正代が若元春に敗れ、大関返り咲きの望みを絶たれた。左を差して前へ出たが、土俵際で残されて攻め切れない。体を入れ替えられて寄られると、力なく俵を割った。痛恨の6敗目を喫し、大関復帰の条件となる10勝に届かないことが確定。取組後は取材対応せず、国技館を後にした。大関カド番で臨んだ先場所は6勝9敗で陥落。今場所は早くも中日で地位を取り戻すチャンスを逃した。
なぜ、看板力士は一気に坂道を転げ落ちてしまったのか。秀ノ山親方は「大関という立場から陥落して、もう一回狙うという立場で〝チャレンジャー〟として土俵に臨まないといけないのに、気持ちばかりが早まっている。肩に余計な力が入ってしまっている」と精神的な要因を指摘する。その姿勢は、相撲内容にも表れているという。

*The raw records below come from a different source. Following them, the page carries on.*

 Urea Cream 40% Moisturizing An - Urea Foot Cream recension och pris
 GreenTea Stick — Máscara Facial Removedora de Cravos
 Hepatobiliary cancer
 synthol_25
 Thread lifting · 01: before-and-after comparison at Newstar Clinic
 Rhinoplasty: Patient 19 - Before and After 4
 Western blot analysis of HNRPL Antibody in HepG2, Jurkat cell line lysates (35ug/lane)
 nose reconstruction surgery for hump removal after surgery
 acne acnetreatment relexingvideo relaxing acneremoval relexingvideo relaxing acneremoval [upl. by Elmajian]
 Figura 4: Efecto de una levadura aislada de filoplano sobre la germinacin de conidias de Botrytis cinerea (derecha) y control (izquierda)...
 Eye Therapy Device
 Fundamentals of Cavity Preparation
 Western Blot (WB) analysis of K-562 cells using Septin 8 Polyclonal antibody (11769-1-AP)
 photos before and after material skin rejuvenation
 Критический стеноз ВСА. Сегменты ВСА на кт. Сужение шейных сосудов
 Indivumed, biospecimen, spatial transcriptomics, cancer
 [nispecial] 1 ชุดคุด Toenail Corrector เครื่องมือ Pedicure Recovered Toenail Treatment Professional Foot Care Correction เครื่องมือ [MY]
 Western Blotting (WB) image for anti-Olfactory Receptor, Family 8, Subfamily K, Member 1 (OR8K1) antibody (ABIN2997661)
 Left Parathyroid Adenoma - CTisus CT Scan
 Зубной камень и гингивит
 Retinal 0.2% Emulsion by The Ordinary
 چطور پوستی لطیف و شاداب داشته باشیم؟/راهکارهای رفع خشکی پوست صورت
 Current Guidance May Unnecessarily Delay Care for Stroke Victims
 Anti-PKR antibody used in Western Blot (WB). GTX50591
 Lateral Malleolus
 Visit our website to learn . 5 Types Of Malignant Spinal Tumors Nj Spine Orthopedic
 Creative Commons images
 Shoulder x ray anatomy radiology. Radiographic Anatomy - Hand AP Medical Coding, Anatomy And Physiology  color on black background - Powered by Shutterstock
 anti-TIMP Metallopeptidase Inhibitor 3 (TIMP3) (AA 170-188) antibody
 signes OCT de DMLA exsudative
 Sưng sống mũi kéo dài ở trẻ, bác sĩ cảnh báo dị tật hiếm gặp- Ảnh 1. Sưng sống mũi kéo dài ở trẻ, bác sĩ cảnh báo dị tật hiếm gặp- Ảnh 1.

親方は「地に足がつかず、上体だけで相撲を取っている。良かった時は足の親指、つま先に体重をかけて、どんどん前に出られていた。今の正代は負け方が悪い。いつものけぞって負けていますよね。かかとに重心が乗っているから受け身になって、腹が出る、押し出されるという悪循環に陥っている。『前に落ちてもいい!』ぐらいの覚悟で、踏み込んでいくべき」と分析した。
秀ノ山親方は福岡、正代は熊本出身。同じ九州から出た大関の〝先輩〟として、正代の復活を強く願っている。自身も現役時代に陥落を経験した親方は「力士は負けた時が終わりじゃなく、辞めた時が終わりだから。31歳は、まだまだ老け込む年齢ではないし、ここから力が出る。自分の相撲を見つめ直して、もう一度上に行ってほしい。この悔しさをバネにして、ひと皮もふた皮もむけた正代が見てみたい」とエールを送った。
現行のカド番制度となった1969年名古屋場所以降、1場所で復帰できなかった後で大関に返り咲いたのは魁傑と照ノ富士(現横綱)の2人だけ。正代は高いハードルを乗り越えて、再び看板力士の座を取り戻すことができるか。